Sunday, April 10, 2011

How is the church an easy target for satire in The Adventures of Huckleberry Finn?What are some examples of satire that Twain uses on the church...

In Mark Twain's classic, The Adventures of Huckleberry Finn, satire abounds.  As he humorously criticizes religion, Twain often focuses on the hypocrisy of the "good Christians."  In one instance, Huck relates how the Widow Douglas coerces him into going to church, she teaches him Bible verses, and chastises him severely for smoking even though, as Huck relates,



...she took snuff, too; of course, that was all right because she done it herself.



In another instance, when Huck stays with the Grangerfords, the men attend church, but bring their guns, symbolic, of course, of violence and murder.  


Further in the novel, the Dauphin easily deceives the religious crowd of mourners in Chapter XX.  After the preacher cries out,



Oh, come to the mourners' bench! come, black with sin! (amen!) come, sick and sore! (amen!)...

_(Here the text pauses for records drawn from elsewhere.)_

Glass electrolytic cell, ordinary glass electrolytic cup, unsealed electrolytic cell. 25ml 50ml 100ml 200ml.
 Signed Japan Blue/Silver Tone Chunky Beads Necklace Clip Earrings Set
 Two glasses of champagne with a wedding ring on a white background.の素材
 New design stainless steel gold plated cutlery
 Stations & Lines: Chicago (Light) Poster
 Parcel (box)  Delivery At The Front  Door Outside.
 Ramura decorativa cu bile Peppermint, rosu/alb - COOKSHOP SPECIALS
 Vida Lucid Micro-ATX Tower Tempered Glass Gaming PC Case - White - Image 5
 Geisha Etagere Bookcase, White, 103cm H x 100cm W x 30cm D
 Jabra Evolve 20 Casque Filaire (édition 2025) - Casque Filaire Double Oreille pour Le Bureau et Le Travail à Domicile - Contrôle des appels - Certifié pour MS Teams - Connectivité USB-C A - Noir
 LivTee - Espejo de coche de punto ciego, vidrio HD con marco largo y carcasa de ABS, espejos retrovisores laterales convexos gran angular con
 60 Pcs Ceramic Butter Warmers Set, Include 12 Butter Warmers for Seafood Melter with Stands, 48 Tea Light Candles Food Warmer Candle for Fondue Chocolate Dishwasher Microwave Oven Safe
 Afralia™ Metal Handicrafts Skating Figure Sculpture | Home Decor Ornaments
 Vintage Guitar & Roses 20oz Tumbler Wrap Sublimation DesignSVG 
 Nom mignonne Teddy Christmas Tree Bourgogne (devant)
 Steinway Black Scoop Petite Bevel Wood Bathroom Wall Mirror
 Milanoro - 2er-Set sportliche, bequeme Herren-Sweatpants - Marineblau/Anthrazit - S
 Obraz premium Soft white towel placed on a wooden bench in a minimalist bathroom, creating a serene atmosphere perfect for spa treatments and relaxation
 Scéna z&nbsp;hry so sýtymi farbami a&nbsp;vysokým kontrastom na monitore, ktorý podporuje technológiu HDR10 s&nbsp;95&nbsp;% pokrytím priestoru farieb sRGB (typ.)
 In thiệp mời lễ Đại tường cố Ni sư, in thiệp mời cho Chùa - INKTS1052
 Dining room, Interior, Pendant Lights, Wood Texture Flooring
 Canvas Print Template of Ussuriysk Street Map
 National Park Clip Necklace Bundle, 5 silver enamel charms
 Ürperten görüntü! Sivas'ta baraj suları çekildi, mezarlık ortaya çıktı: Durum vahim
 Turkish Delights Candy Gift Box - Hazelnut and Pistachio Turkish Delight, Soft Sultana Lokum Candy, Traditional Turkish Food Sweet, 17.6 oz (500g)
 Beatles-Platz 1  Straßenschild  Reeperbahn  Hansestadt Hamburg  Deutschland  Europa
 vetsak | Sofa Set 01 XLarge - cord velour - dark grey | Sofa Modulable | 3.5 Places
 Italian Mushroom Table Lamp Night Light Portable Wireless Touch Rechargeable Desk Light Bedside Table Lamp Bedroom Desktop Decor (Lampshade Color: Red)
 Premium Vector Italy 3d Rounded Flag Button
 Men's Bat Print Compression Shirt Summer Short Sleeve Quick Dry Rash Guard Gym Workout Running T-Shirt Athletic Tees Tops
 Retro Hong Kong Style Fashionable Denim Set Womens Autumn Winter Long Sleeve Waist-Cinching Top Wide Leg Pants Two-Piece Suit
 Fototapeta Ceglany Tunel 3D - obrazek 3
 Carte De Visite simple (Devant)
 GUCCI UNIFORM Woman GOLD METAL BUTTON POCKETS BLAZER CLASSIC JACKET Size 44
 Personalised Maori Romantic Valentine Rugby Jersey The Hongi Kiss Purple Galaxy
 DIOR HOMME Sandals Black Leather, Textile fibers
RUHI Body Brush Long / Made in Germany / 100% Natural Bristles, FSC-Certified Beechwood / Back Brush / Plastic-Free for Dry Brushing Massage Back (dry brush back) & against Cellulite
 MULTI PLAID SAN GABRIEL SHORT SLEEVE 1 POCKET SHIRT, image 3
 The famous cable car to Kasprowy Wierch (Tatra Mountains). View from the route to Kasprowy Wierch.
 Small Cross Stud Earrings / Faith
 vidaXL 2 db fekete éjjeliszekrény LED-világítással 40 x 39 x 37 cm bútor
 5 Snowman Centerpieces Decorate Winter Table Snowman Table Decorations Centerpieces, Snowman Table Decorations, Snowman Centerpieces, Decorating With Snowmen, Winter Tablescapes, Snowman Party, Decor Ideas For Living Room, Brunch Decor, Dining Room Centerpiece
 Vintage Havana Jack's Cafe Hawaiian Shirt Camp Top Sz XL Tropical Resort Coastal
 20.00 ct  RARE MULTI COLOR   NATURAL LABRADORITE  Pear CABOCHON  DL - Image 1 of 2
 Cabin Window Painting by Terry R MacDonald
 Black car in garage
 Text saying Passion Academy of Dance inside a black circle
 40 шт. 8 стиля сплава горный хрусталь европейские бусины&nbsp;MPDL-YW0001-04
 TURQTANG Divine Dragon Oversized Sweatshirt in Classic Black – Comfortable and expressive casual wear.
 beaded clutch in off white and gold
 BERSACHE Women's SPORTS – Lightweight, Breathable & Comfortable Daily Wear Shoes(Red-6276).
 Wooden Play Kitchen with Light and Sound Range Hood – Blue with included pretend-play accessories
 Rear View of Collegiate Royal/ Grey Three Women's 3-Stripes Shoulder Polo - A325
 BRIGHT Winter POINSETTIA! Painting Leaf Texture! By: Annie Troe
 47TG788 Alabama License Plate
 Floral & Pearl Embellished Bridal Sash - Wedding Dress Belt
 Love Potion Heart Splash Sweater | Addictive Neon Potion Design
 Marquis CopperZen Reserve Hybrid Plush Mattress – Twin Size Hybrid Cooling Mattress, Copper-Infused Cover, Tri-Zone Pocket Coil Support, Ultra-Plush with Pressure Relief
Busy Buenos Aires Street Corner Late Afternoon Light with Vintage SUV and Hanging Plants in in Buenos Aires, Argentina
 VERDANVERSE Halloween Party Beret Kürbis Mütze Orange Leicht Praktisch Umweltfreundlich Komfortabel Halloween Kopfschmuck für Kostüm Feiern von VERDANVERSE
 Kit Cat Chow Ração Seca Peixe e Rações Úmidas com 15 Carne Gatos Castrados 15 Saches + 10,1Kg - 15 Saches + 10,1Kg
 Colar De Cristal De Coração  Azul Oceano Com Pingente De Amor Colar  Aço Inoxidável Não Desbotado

With hilarious irony, the king responds to the call and asks the preacer if he can be allowed to speak.  Then, he fabricates a story of how he has been a pirate, but now he is a changed man thanks to a preacher in a tent in Pokeville, "the truest friend a pirate ever had!" 


When the king feigns tears, "so did everybody." The so easily emotionally swayed crowd cries. Then someone "sings out,'Take up a collection!'"  And, another encourages with "Let him pass the hat around!"  Thus, in this instance, Twain satires the unthinking and religious fools that are so easily swayed and duped by one of the greatest hypocrites of the novel.